Washington stuns team, Darvish with resignation

Kyodo, AP

Texas Rangers ace Yu Darvish hailed Ron Washington as a manager and as a person after the skipper’s abrupt resignation Friday.

“It’s difficult to comment because the manager hasn’t given a clear reason why he is resigning,” Darvish said in a statement.

“But since I joined this team, he has always been great to me. He is a great manager and a wonderful individual.”

Darvish is currently on the disabled list with elbow inflammation, and could be shut down for what is already a lost season for the Rangers. Texas (53-88) has the worst record in the majors.

Washington did not detail his resignation, only to say through the team, “Today, I have submitted my resignation from the job I love — managing the Rangers — in order to devote my full attention to addressing an off-the-field personal matter. As painful as it is, stepping away from the game is what’s best for me and my family.

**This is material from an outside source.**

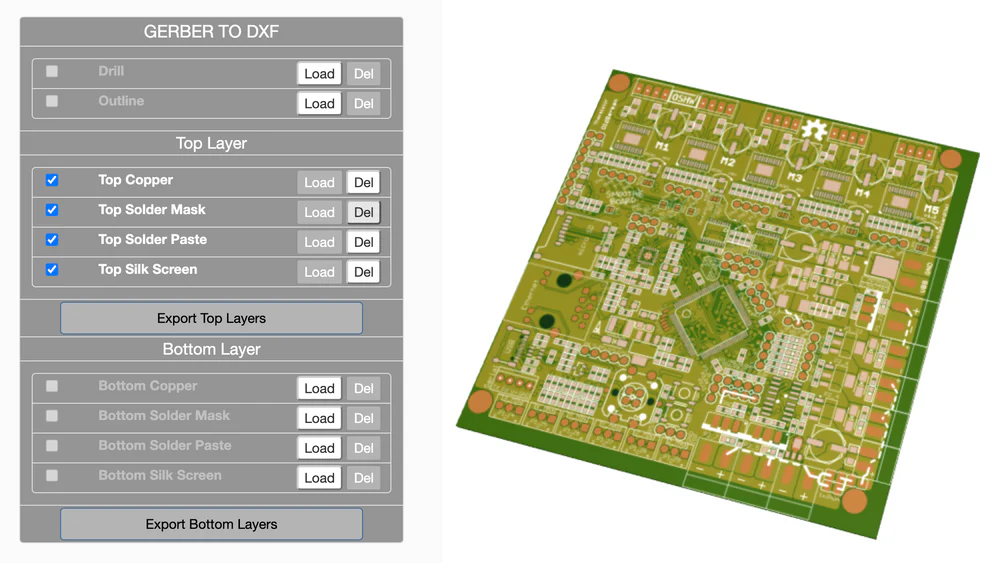 完整的軟體解決方案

“This is in no way related to the disappointing performance of the team this season. We were already discussing 2015 and looking forward to getting the Rangers back to postseason contention.”

Washington did give general manager Jon Daniels permission to say at a news conference that the move “was not drug-related.”

During spring training in 2010, it was disclosed that Washington had admitted to using cocaine once the previous year, but team executives stood by him. The manager got a two-year contract extension in 2012, then during spring training this year had another season added through 2015.

Tim Bogar, who is in his first season as Washington’s bench coach, will be the interim manager. Daniels said the club “most likely” would open a managerial search after the season.

“It’s obviously not exactly how you want to become a manager for the first time, especially when you take over for a really good friend,” Bogar said. “He coached me in Triple-A, he basically taught me how to get to the big leagues, and then I was a colleague.”

Third baseman Adrian Beltre said he hadn’t noticed anything different in Washington in recent weeks, the time frame offered by Daniels for when Washington’s issue arose.

“It’s difficult trying to separate what was going on with him or the team,” Beltre said. “If you see a guy not being himself or not being happy, we’ve got plenty of reasons for not being happy here. So I couldn’t pick up if something was going on with him and I have no idea.”

When asked if people should be concerned for Washington or someone in his family, Daniels again would not get into specifics. The 62-year-old Washington is married, but has no children.

“I certainly think well-wishes and thoughts for him and his family are appropriate,” Daniels said.